What you are asked to do:
In the copy, include exactly the lines from the one with "Pertamina Ep Salurkan" through the end of the data and no others, both ends kept, with every picture left out.
---+---
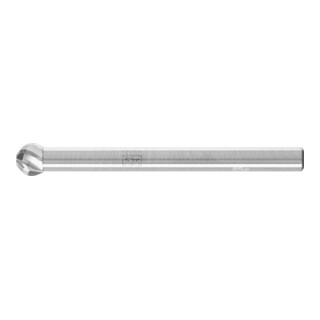 PFERD TOOLS Hartmetall Hochleistungsfrässtift INOX Kugel KUD Ø 04x03 mm Schaft-Ø 3 mm für Edelstahl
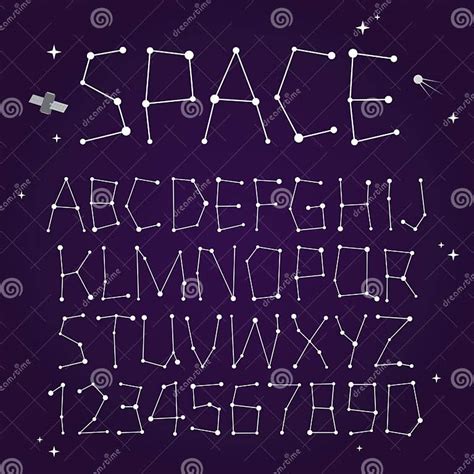 Space Vector Font Stock Vector Illustration Of Color 47119559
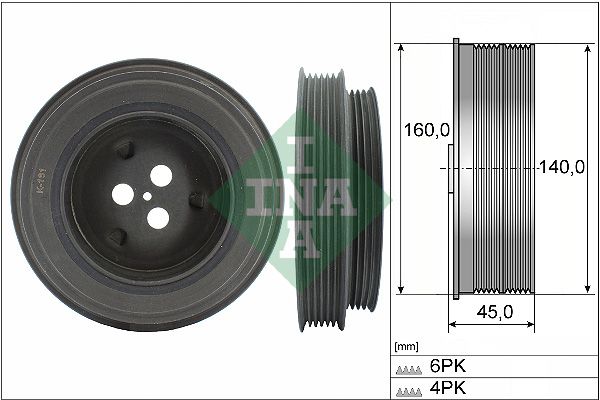 Schaeffler INA Szíjtárcsa, főtengely 544 0131 10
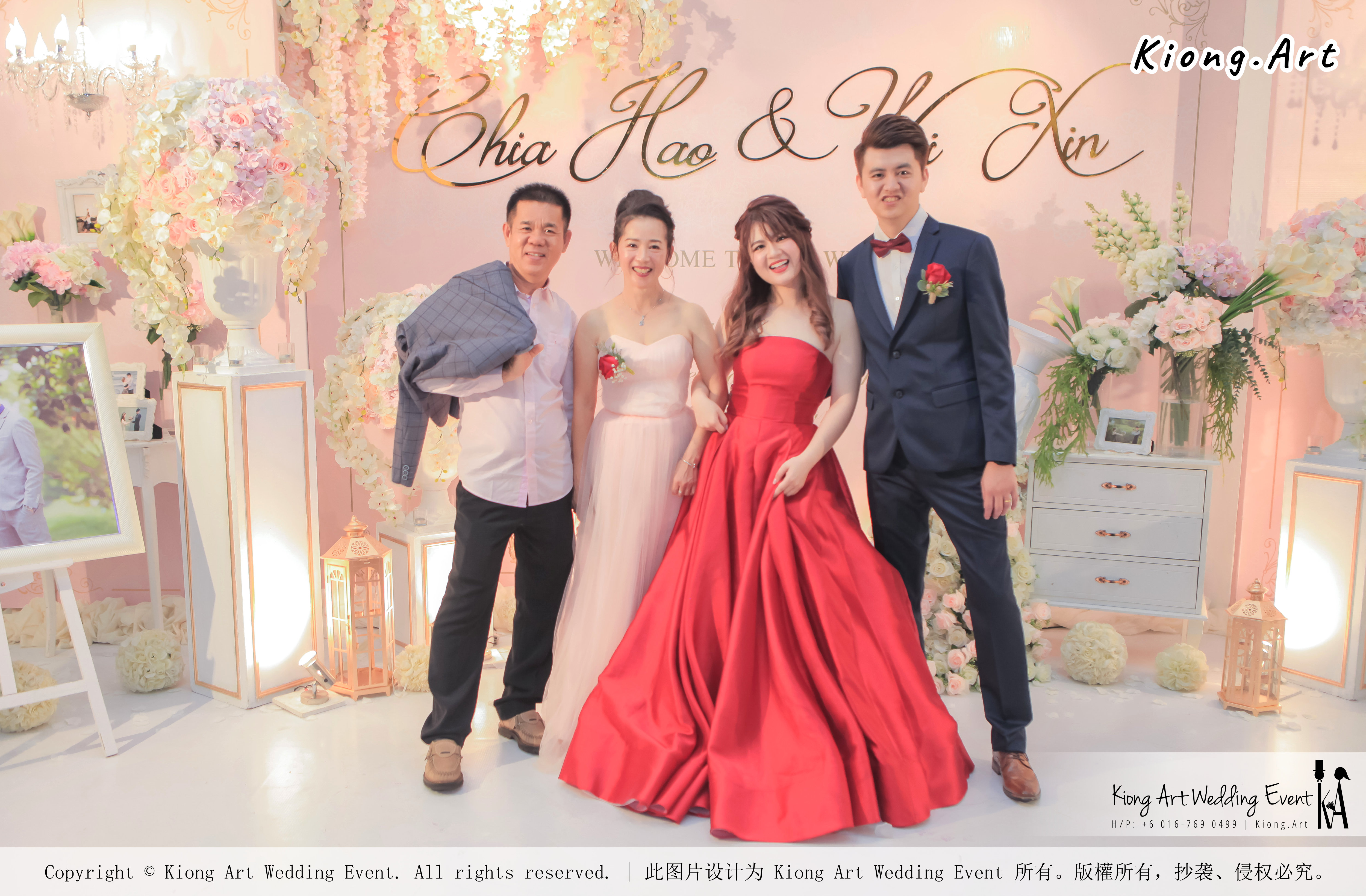 Malaysia Wed Kuala Lumpur Wedding Deco Decoration Kiong Art Wedding Deco Warm and Happy Wedding Theme Chia Hao and Wei Xin Sin Yang Restaurant Batu Pahat A15-A01-067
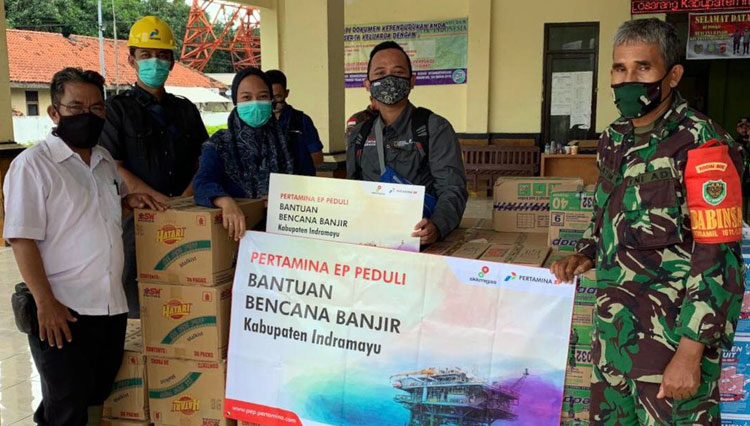 Pertamina Ep Salurkan Bantuan Untuk Masyarakat Terdampak Banjir Di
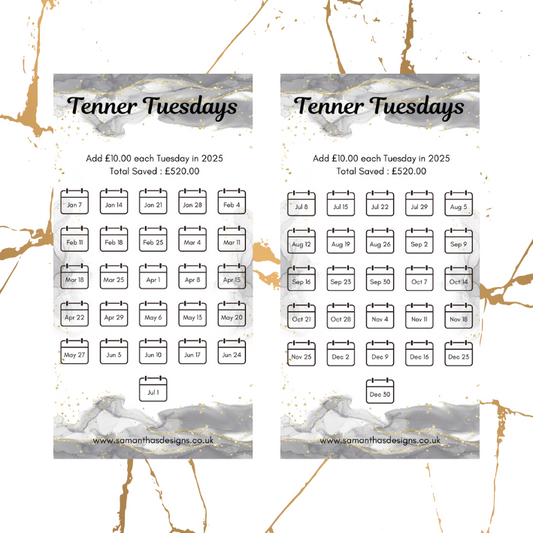 Savings Challenge - Tenner Tuesdays - A6 Cash Stuffing Challenge - Saves £520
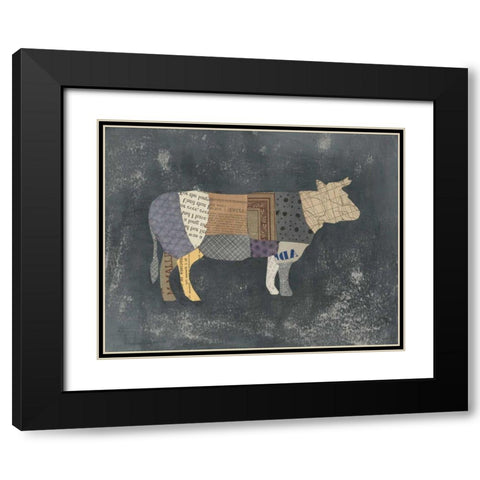 From the Butcher Elements 22 Black Modern Wood Framed Art Print with Double Matting by Prahl, Courtney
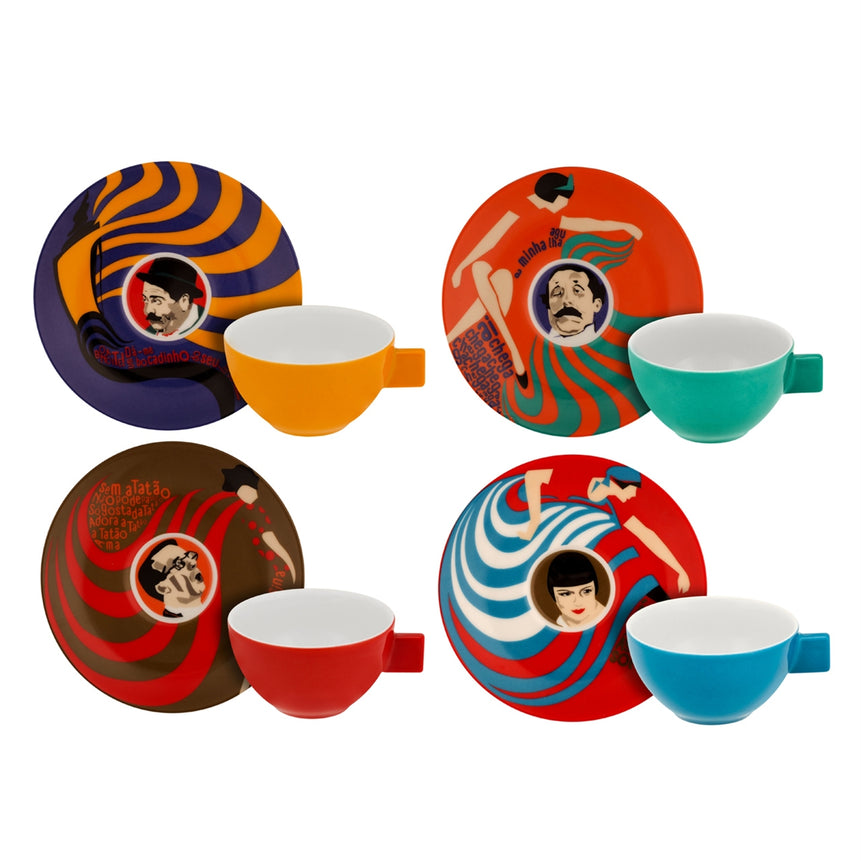 Cinema Português - Set 4 Coffe Cups & Saucers - LAZADO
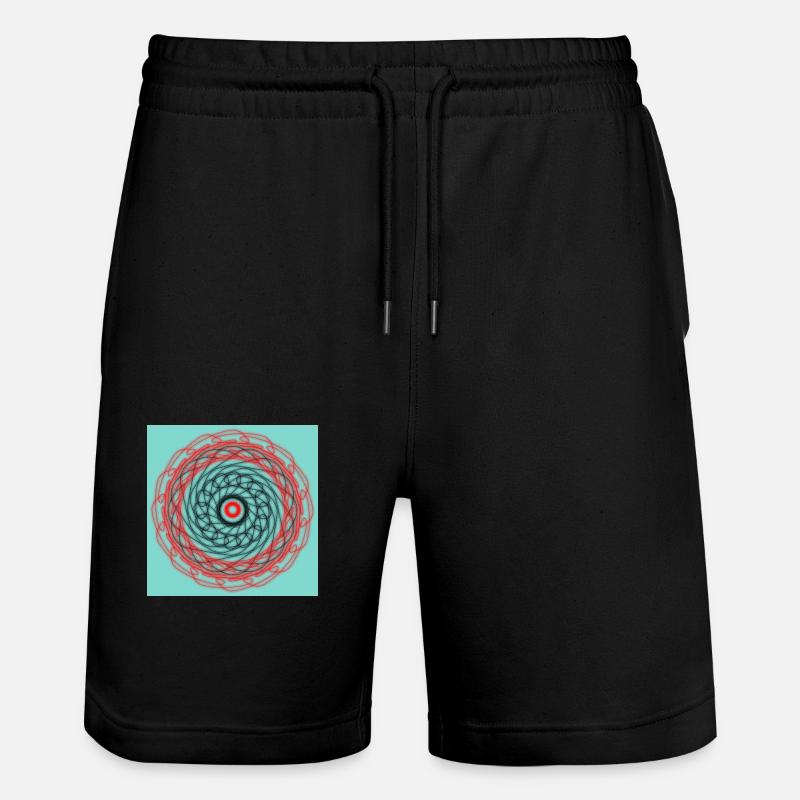 Design géométrique abstrait - Short de jogging bio TRAINER Stanley/Stella unisexe - noir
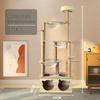 Aomengming Transparent Space Capsule Cat Tree with Scratching Post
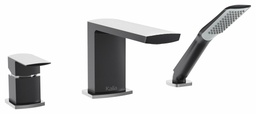 [3742212] Grafik 3-Piece Roman Tub Faucet with Hand Shower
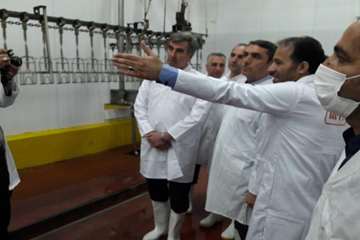 بازدید استاندار مرکزی از کشتارگاه طیور در شازند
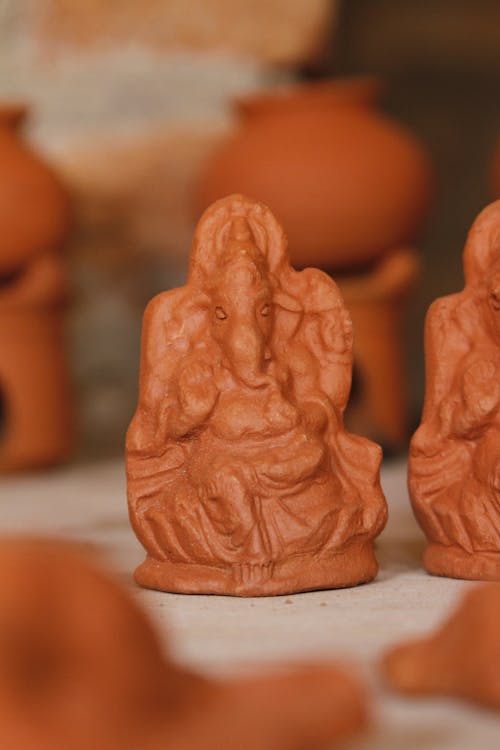 Darmowe zdjęcie z galerii z figurka, ganapati, ganesha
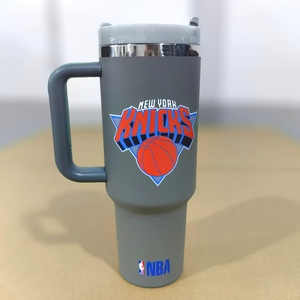 Gobelets isothermes de voyage en acier inoxydable de 40 oz <span class=keywords><strong>NBA</strong></span> Basketball Chicago Bulls <span class=keywords><strong>Boston</strong></span> Celtics et New York Knicks - Product Image 3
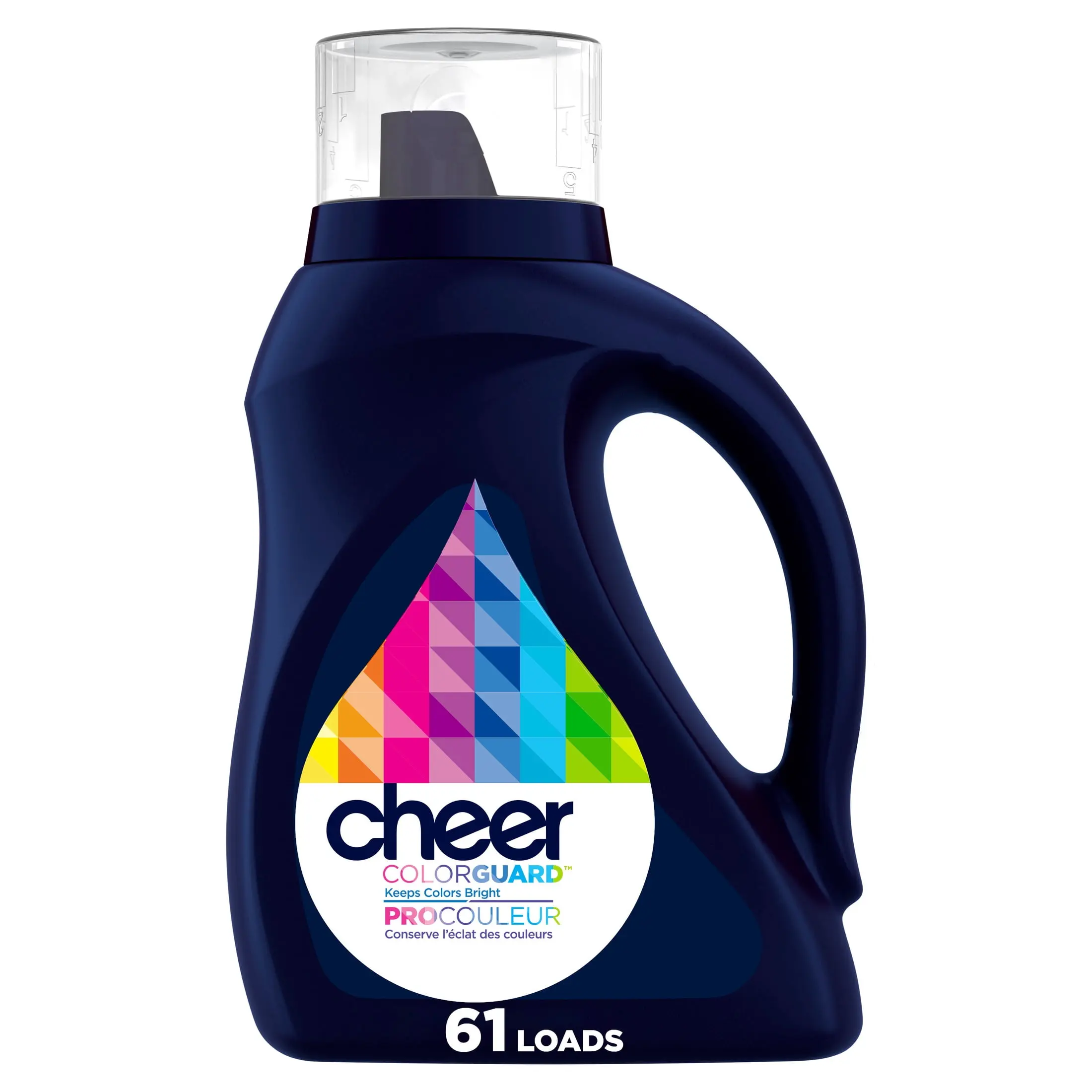 Cheer Liquid Laundry Detergent, Color Brightening Formula 61 Loads, 81 fl oz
---+---
Your response:
 Pertamina Ep Salurkan Bantuan Untuk Masyarakat Terdampak Banjir Di
 Savings Challenge - Tenner Tuesdays - A6 Cash Stuffing Challenge - Saves £520
 From the Butcher Elements 22 Black Modern Wood Framed Art Print with Double Matting by Prahl, Courtney
 Cinema Português - Set 4 Coffe Cups & Saucers - LAZADO
 Design géométrique abstrait - Short de jogging bio TRAINER Stanley/Stella unisexe - noir
 Aomengming Transparent Space Capsule Cat Tree with Scratching Post
 [3742212] Grafik 3-Piece Roman Tub Faucet with Hand Shower
 بازدید استاندار مرکزی از کشتارگاه طیور در شازند
 Darmowe zdjęcie z galerii z figurka, ganapati, ganesha
 Gobelets isothermes de voyage en acier inoxydable de 40 oz <span class=keywords><strong>NBA</strong></span> Basketball Chicago Bulls <span class=keywords><strong>Boston</strong></span> Celtics et New York Knicks - Product Image 3
 Cheer Liquid Laundry Detergent, Color Brightening Formula 61 Loads, 81 fl oz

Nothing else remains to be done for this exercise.